## Exercise
On how many lines of these entries does the word "Life" occur? State the number alone.

####################

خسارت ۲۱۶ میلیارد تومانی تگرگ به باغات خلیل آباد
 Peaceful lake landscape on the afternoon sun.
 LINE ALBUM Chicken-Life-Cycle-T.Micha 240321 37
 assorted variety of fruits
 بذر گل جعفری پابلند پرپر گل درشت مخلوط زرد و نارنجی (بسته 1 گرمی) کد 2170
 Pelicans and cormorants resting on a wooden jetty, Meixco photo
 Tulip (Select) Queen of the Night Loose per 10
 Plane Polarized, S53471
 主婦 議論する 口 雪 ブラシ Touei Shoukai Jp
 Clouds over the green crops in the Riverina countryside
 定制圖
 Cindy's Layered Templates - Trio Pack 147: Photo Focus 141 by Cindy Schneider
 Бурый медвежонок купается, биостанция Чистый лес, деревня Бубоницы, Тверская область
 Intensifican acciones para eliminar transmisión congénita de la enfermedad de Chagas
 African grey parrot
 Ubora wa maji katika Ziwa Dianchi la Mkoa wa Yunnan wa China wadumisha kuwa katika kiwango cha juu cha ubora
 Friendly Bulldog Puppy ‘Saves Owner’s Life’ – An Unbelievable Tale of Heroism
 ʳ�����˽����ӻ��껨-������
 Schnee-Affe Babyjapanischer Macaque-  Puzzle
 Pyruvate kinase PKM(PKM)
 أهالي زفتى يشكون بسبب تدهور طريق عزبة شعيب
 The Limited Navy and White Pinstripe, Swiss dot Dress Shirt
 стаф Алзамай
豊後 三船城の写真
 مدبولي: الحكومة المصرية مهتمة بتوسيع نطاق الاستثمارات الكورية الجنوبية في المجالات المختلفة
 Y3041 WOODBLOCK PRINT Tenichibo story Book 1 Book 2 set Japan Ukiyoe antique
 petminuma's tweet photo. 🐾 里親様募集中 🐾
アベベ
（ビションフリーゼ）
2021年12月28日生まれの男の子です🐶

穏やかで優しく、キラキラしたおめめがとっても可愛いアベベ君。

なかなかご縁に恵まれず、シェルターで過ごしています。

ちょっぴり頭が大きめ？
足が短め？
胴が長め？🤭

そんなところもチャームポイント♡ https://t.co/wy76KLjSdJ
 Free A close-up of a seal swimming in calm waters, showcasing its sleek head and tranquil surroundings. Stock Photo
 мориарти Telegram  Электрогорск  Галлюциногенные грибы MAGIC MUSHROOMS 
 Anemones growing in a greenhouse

####################

## The completed task
2